“I also think across the political spectrum and between the Centre and states there is greater recognition that you do need private sector investments to come in if you want to create jobs,” Narendran said.
Amid fears that the new coronavirus variant may disrupt normal business activity, industry chamber CII on Thursday pitched for coordinated actions by the Centre and state governments to minimize the impact of Omicron on the economy.
“There is obviously some concern about Omicron but I think the general feedback we have is, it is spreading fast but the health impact is milder,” CII President T V Narendran told PTI in an interview.
The economic impact of the third wave can be minimized if there is a coordinated response between the central and the state governments, he said.
The CII President observed that overall, the recovery in 2021 has been strong for most sectors.
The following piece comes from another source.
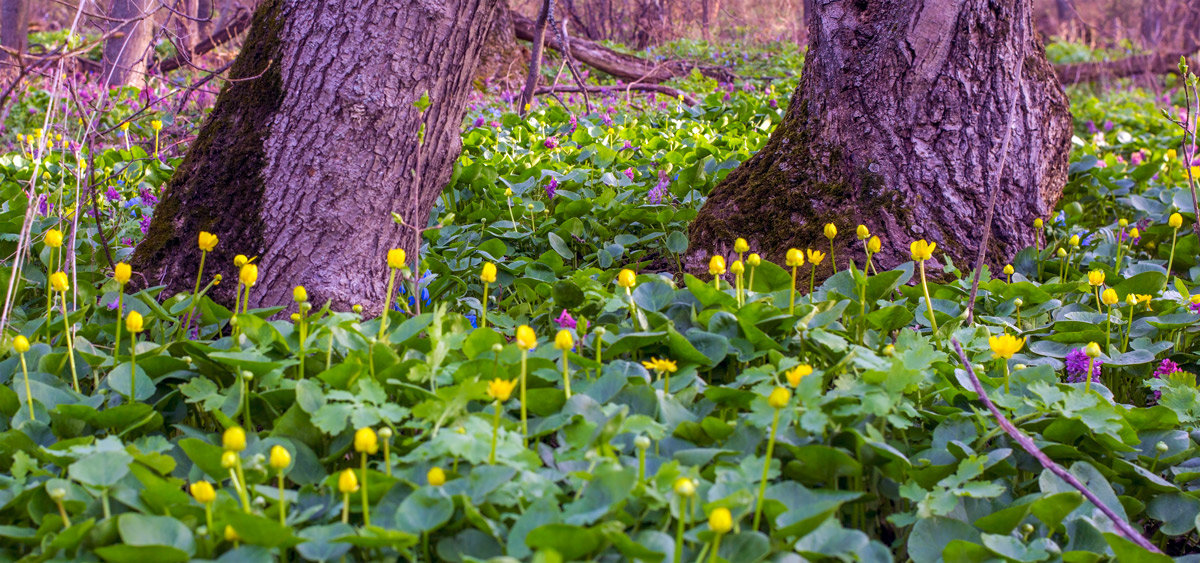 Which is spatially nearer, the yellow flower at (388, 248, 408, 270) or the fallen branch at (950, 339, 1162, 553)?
the fallen branch at (950, 339, 1162, 553)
However, sectors like hospitality, travel, MSMEs (Micro, Small and Medium Enterprises) and some services were significantly affected by the first and second wave of COVID.
Sharing estimates for economic growth, he said CII’s view is that this financial year’s growth will be 9.5 per cent and next financial year’s growth will be 8.5 per cent. The current fiscal ends on March 31.
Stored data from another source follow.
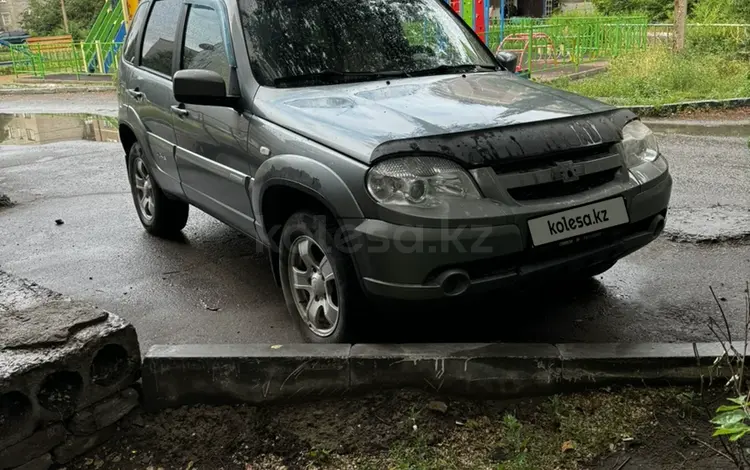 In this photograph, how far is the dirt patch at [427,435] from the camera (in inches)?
108

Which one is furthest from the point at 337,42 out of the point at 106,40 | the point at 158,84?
the point at 106,40

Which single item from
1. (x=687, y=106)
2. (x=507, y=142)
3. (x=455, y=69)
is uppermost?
(x=455, y=69)

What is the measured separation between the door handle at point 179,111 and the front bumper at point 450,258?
1.98 meters

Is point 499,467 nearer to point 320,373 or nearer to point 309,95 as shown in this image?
point 320,373

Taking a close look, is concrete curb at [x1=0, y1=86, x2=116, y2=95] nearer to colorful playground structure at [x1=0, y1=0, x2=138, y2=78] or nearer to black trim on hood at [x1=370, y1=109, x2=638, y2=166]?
colorful playground structure at [x1=0, y1=0, x2=138, y2=78]

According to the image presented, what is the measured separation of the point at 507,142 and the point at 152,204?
3.67 metres

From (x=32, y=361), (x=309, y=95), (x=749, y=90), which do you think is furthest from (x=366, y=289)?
(x=749, y=90)

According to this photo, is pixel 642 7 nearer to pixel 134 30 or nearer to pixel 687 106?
pixel 687 106

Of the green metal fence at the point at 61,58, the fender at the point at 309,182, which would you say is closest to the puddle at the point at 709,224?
the fender at the point at 309,182

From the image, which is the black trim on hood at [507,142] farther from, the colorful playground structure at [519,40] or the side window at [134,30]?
the colorful playground structure at [519,40]

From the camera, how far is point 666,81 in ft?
42.7

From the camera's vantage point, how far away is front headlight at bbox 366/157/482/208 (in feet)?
9.80

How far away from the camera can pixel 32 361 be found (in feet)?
9.23

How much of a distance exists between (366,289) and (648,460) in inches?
52.5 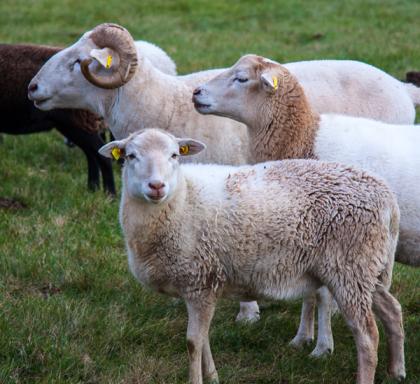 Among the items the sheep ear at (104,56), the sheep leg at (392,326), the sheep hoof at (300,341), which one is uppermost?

Asked about the Centre’s decision to roll back the three farm laws and whether this affects investor sentiment in terms of policy stability, he said: “I think the (government’s) direction is clear, obviously as you move in that direction there will be times when you may have to pause a bit, I think in the Agri Laws it is more like that.” He further noted that “… at CII we had supported the fact that we felt these (laws) would help in the long run, but we respect the government’s decisions on these things.” He stressed that overall, the intent of the government, the commitment is positive, it is towards reforms.
“I also think across the political spectrum and between the Centre and states there is greater recognition that you do need private sector investments to come in if you want to create jobs,” Narendran said.
Sharing CII’s Budget wishlist, he emphasized that focus on investment and infrastructure must continue, because while the private sector investment is coming back, the economy needs to be supported by government investment particularly with focus on infrastructure.
He also underlined the need to continuously focus on the cost and ease of doing business, to reduce the complexity and make it easier, adding that CII has suggested self-certification (by businesses) as a way forward for compliance matters, and suggested developing a cost of doing business index.
On the Goods and Services Tax (GST), he said, while there is a degree of complexity which is a burden for many of the smaller companies today, the solution is not to do away with GST but to simplify it further.
Talking about the steel sector’s prospects, Narendran, who also heads Tata Steel, said he sees China as less of a disruptor in the international markets as the country has been cutting its production and exports to align it with its domestic steel consumption which will bring more stability to the steel trade globally.
“As far as India is concerned, we are poised for a good decade of growth for the steel industry simply because India has traditionally seen consumption-led growth but now we are pivoting towards investment-led growth, infrastructure-focused growth that is good for steel consumption,” the CEO and MD of Tata Steel said.